Fireworks exploded above the river and cast baroque shadows on the rusted farcaster arch.

  Endymion turned his attention away from the waving Spectrum Helix family and concentrated on staying in the strongest current as he paddled toward the farcaster.

  Gyges stood, stretched languidly, and prepared to phase-shift.

  Suddenly the thing was next to him, centimeters away, at least three meters tall, towering over him.

  Impossible, thought Gyges. I would have sensed the phase-shift distortions.

  Exploding skyrockets spilled bloodred light on the chrome carapace. Metal teeth and chrome spikes twisted the expanding flowers of yellow, white, and red across quicksilver planes.

  Gyges caught an instant’s look at his own reflection, distorted and startled, and then he phase-shifted.

  It took less than a microsecond for the shift. Somehow one of the creature’s four clawed hands made it into the field before it completely formed. Bladed fingers dug through synflesh and muscle, seeking one of Gyges’s hearts.

  Gyges paid no heed to the attack but attacked in return, swinging his silvered, phase-shifted arm like a horizontal guillotine. It could have cut through whiskered carbon alloy as if it were wet cardboard. It did not cut through the tall form in front of him. Sparks and thunder exploded as his arm bounced away, fingers numbed, metal radius and ulna shattered. The clawed hand within him pulled out ropes of intestine, kilometers of microfiber optics.

  Gyges realized that he had been opened from navel to breastbone. It did not matter. He could still function.

  Gyges clenched his right hand into a sharpened bludgeon and thrust it forward into gleaming red eyes.

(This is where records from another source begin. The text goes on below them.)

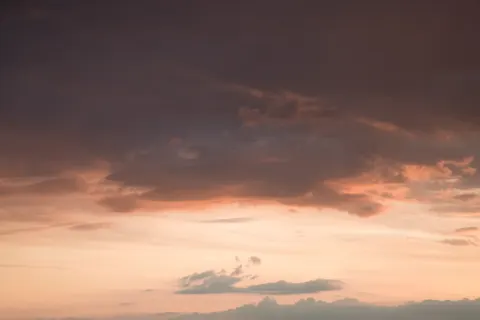 Pastel Sky 4K Wallpaper · minimal · 3840×2560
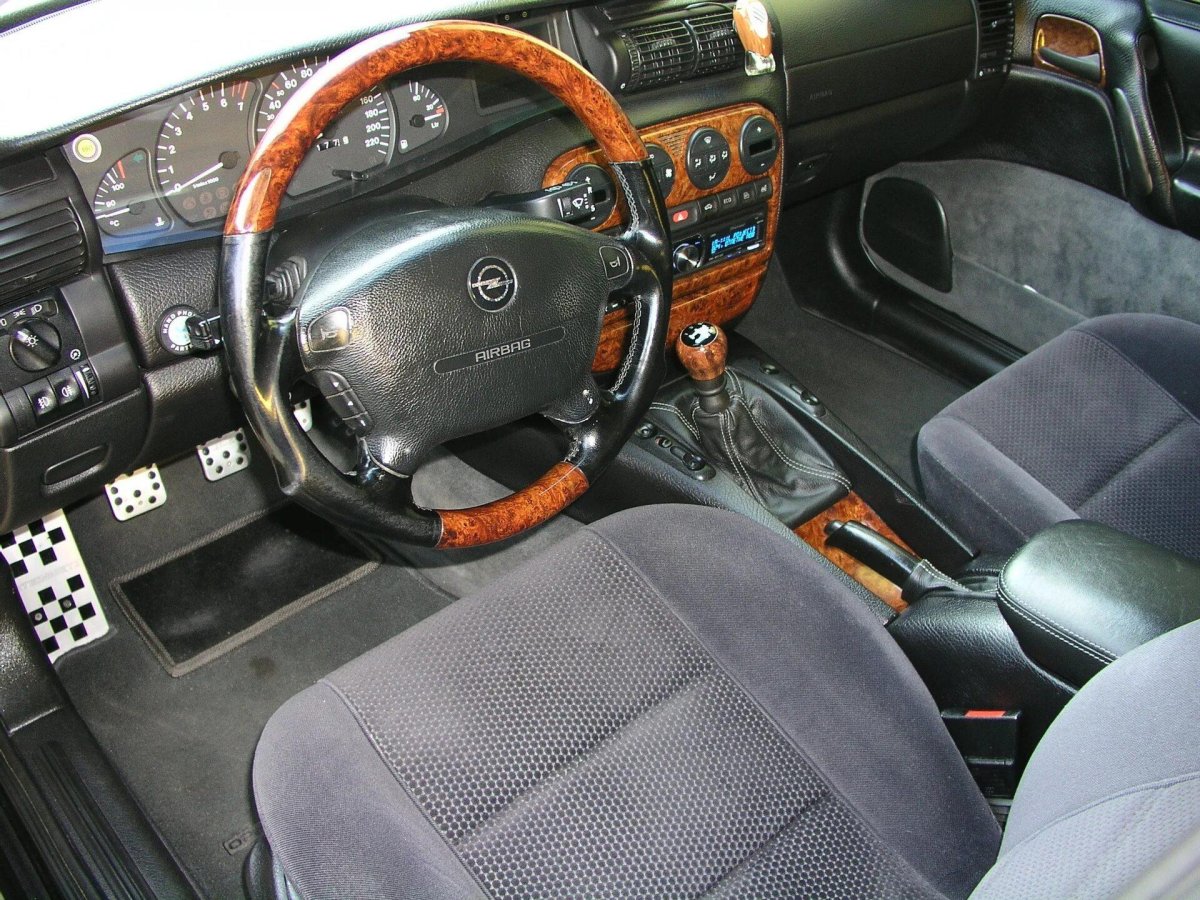 Опель Омега 2 салон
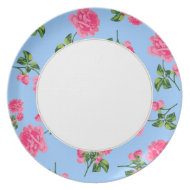 Flowery plates: Pink roses Floral pattern on blue and white plate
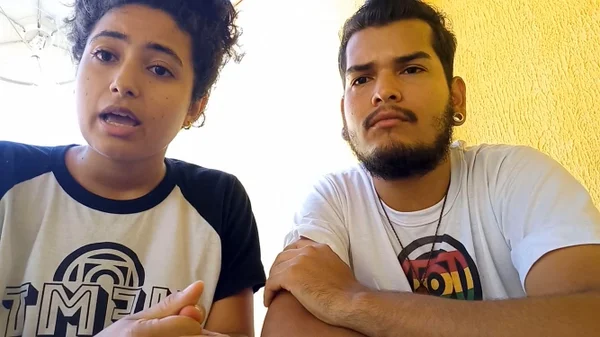 Vídeo: jovens são presos por filmar PMs em acampamento bolsonarista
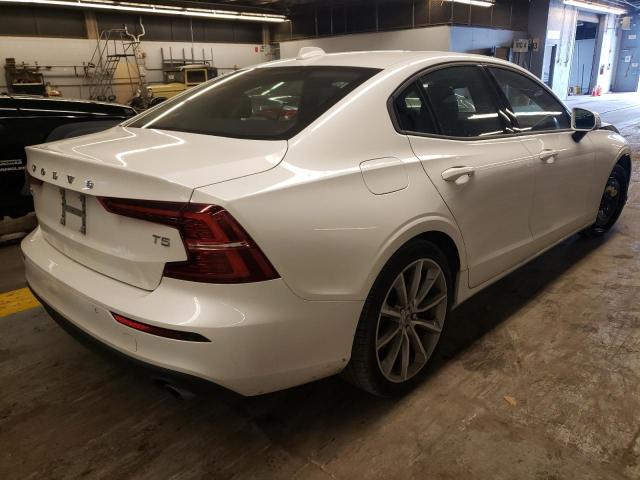 7JR102FK7MG095079 - 2021 VOLVO S60 T5 MOM WHITE photo 4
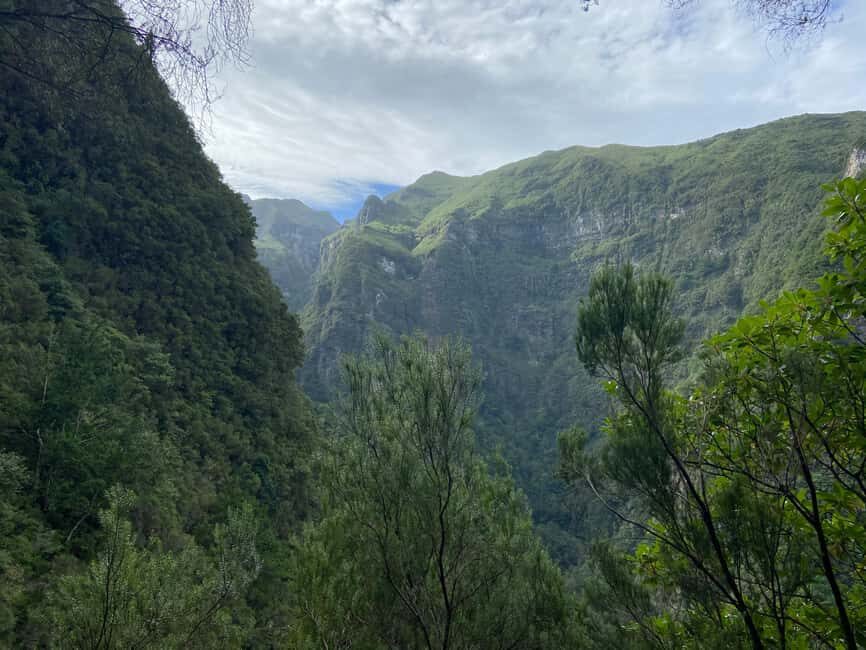 Madeira: PR 9 - Levada do Caldeirão Verde Hike Transfer - Return transfer: finishing without stress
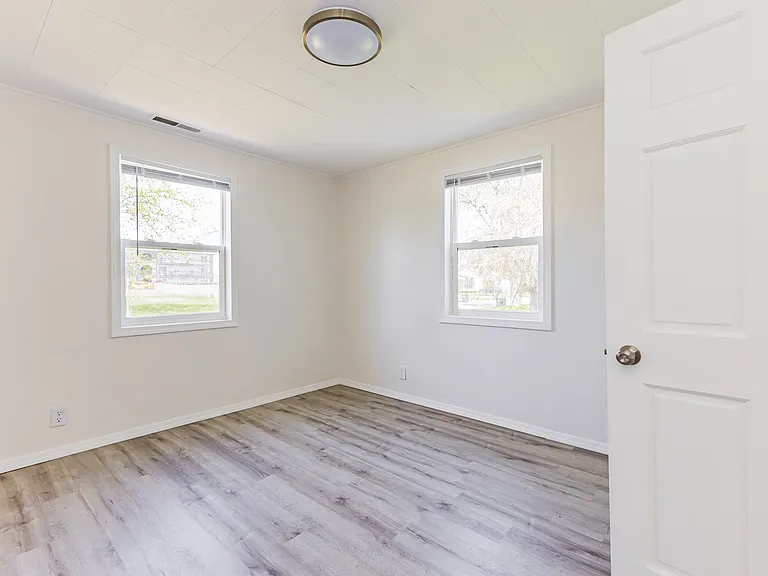 2104 N Hollywood Ave — Photo 17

It was a killing blow. But the great steam-shovel jaws opened, closed, faster than phase-shifting, and Gyges’s right arm suddenly ended above the wrist.

  Gyges threw himself at the apparition, trying to merge fields, attempting to get his own teeth within tearing distance. Two huge hands seized him, the bladed fingers sinking through shift field and flesh to hold him tight. The chrome skull in front of him slashed forward: needle-spikes pierced Gyges’s right eye and penetrated the right frontal lobe of his brain.

  Gyges screamed then—not out of pain, although he felt something similar for the first time in his short life—but out of pure, relentless rage. His teeth snapped and clacked like steel rendering blades as he sought the creature’s throat, but he continued being held at three-arms’ length.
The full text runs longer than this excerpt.